Unfortunately, the economics of the academic drought are rather more uncomfortable than this. The problem is not so much that average university pay is too low because of stingy governments, but rather that there is no genuine competition in the academic job market.

The university system remains, along with other parts of the public sector, a centrally planned economy. It is no surprise that there are specific shortages. The real problem for certain departments - including economics, engineering and many natural sciences - is that they have to pay their lecturers and professors the same as the medieval historians and sociologists. And they have to pay their best people the same as their worst. There are rigid pay scales for all academics regardless of their subject or even their talent. A report into higher education pay by Sir Michael Bett last week concluded that national pay scales should stay but that all academic pay needed to be increased by around 20 per cent. Utter nonsense.What the academic job market needs is a strong dose of deregulation. Not a cumbersome performance-related pay scheme that will involve forms and assessments and internecine rows in the common room, but the complete abolition of centrally planned pay scales in universities. There is no single national market for academics; there are global markets for particular skills. University departments have to be able to pay what it takes to attract the best candidates if they want to establish themselves as world- class centres of excellence in their subject.

But there is an even more uncomfortable corollary for the cosy but crumbling British university system. If the UK is to develop centres of excellence, they will have to be allowed to raise the funding they need. There are many ways of fund-raising, and some universities have thrown themselves energetically into the task through appeals to alumni and commercial enterprises. There is no reason why this should not go much further.

But the most obvious way is to allow the best universities to charge higher tuition fees. Some, like the London School of Economics, are privately itching to do this (the LSE is, after all, packed with underpaid economics professors). But none wants to be the first to argue such an unpopular case. The parallel with the US is inexact, for members of its Ivy League are private institutions with very large endowments to fund generous means- tested scholarships. Students are admitted to Harvard on merit, and once accepted the scholarship office assesses their financial needs. Even the Oxford and Cambridge colleges would not have enough money to finance all deserving students in this way if they started to charge premium fees.

So if there is a need for increased public funding of higher education, among all the other causes deserving of government money, it is for the provision of scholarships. This, not equal pay and more of it for academics, is the right place for egalitarianism. It is the only way to guarantee a future for world-class scholarship in the UK.

World-class scholarship is, of course, outrageously elitist. Only the best need apply. The best young scholars will only embark on an academic career if they think it will be intellectually rewarding. That means gathering the most brilliant academics together in a few places, for ideas feed on other ideas.

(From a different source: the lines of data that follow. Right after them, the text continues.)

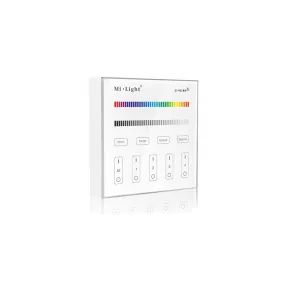 LED RGBW Mi-Light 4-Zone Wall Mount Panel Remote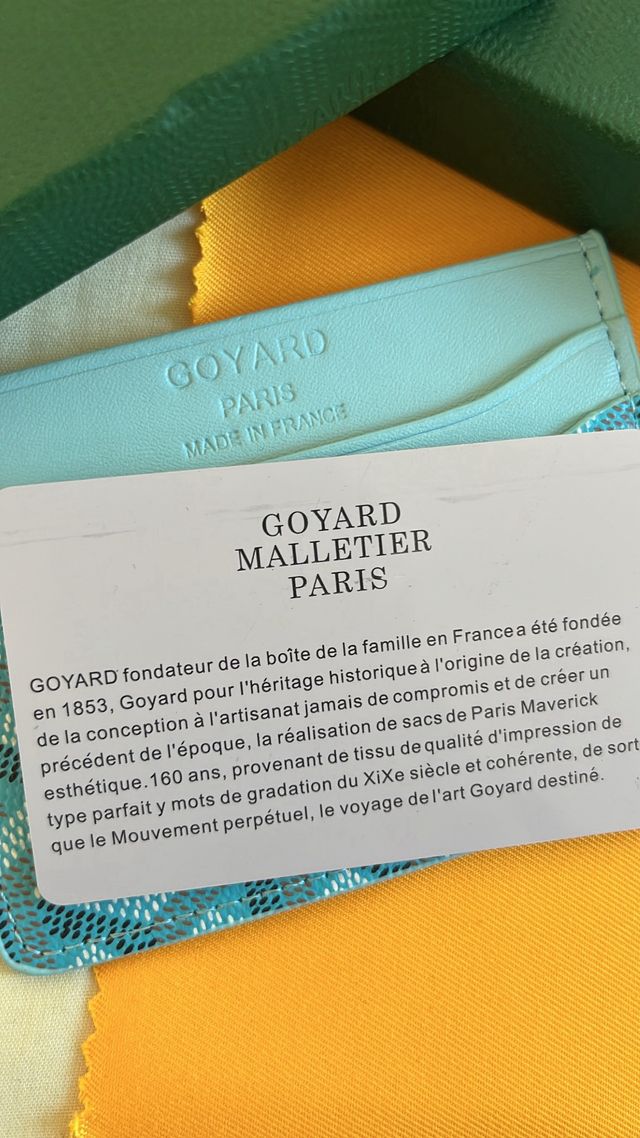Tarjetero Goyard Azul Cielo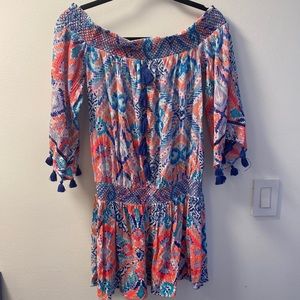 Lilly Pulizer off the shoulder dress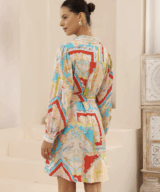 Iris Maxi Pearl Ls Mini Dress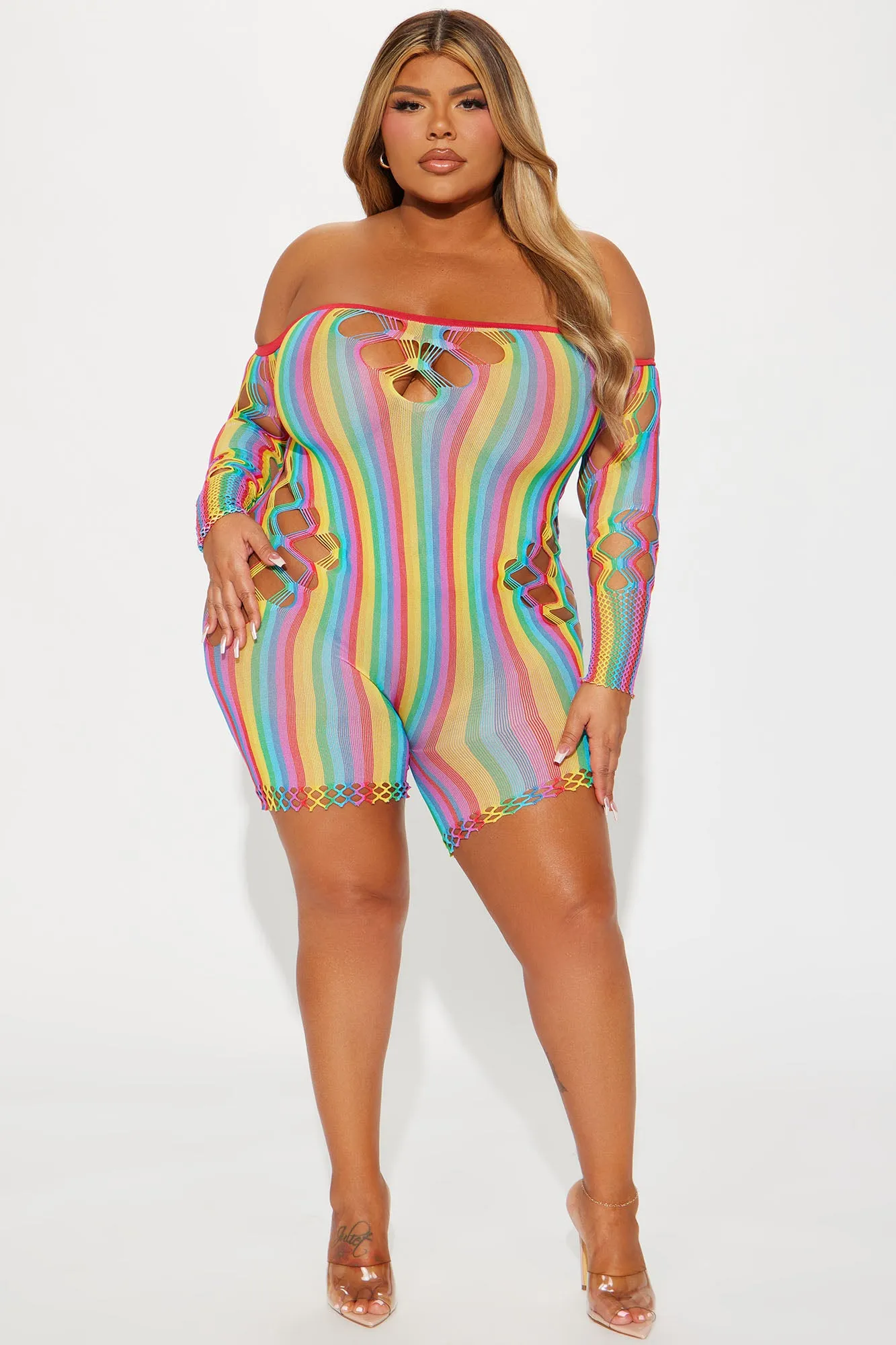 Ready For The Night Seamless Romper - Multi Color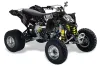 Can Am DS450 / DS450X EFI ATV Graphic Kit - 2008-2016 Silver Star - Reloaded White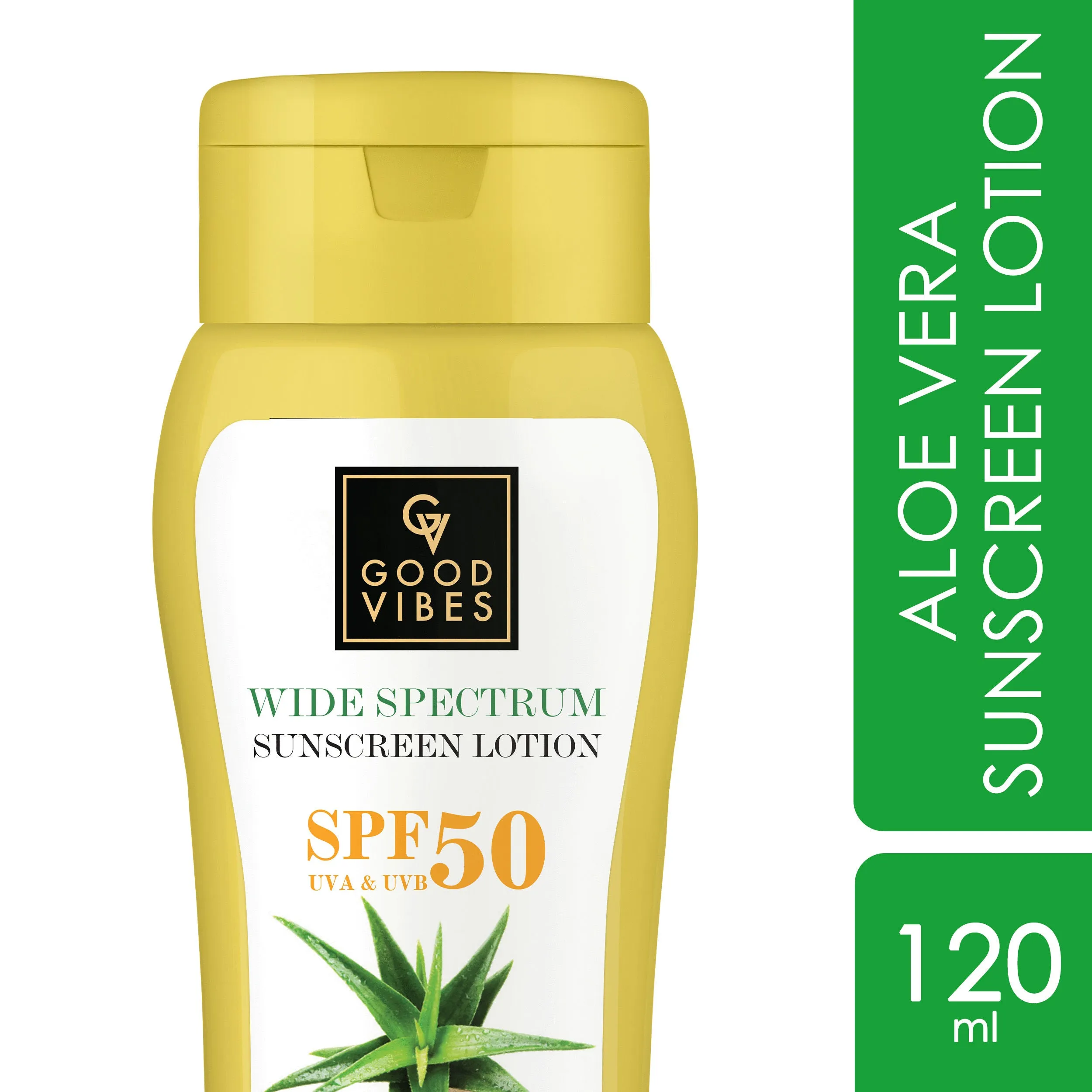 Aloe Vera Wide Spectrum Sunscreen Lotion SPF 50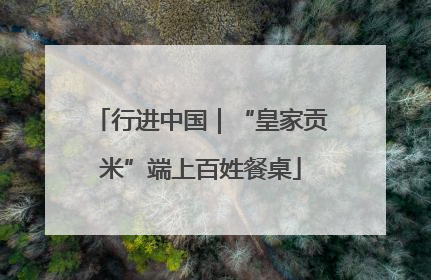 行进中国｜“皇家贡米”端上百姓餐桌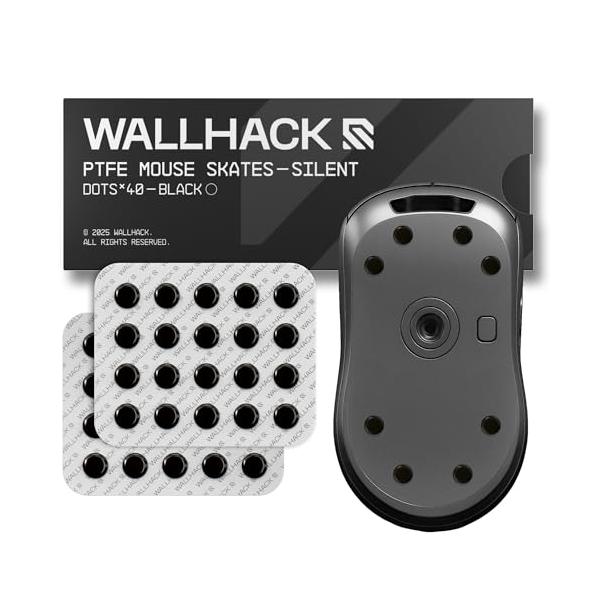 WALLHACK マウスソール 静音PTFE ドット型 汎用 ゲーミングマウス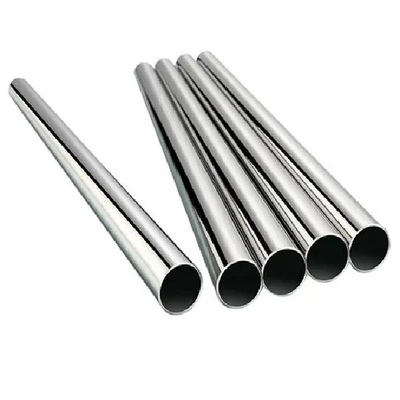 ASTM 240 316L स्टेनलेस स्टील वेल्डेड पाइप NO.4 8K सतह 6000mm लंबाई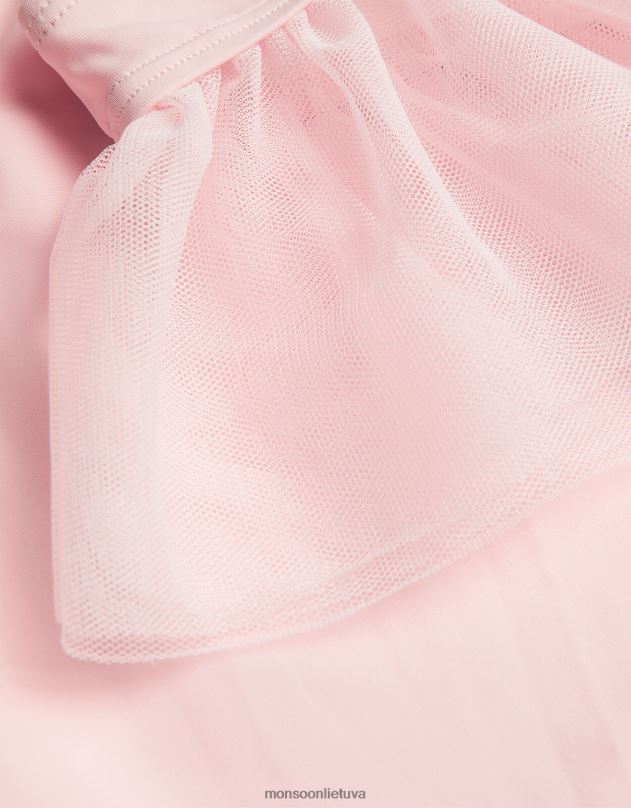 Monsoon stebuklų žemė su raukiniais rankovėmis mergina rožinė (šviesiai rožinė) apranga DPXBJ1842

The much-mocked Oxbridge senior common room at its best provided the necessary intellectual stimulus, and the top American university departments still do.

The best academics also need salaries that reflect the emergence of stars in the intellectual arena as well as in finance, sports, music and all the rest of the economy. If British universities cannot pay star salaries, then they will never again attract star performers.

The damage caused in the row over plans to introduce a pounds 1,000 tuition fee and the innate hostility to Oxbridge elitism make it unlikely that the Government would accept this basic economic principle. Ipso facto, a majority of today's academics will oppose it.

On the other hand, we economists meeting in crisis session today are almost certain to see the merits of the case for inequality. Sadly, however, we lie somewhere between estate agents and lawyers in the public's esteem. Being right is no guarantee of popularity.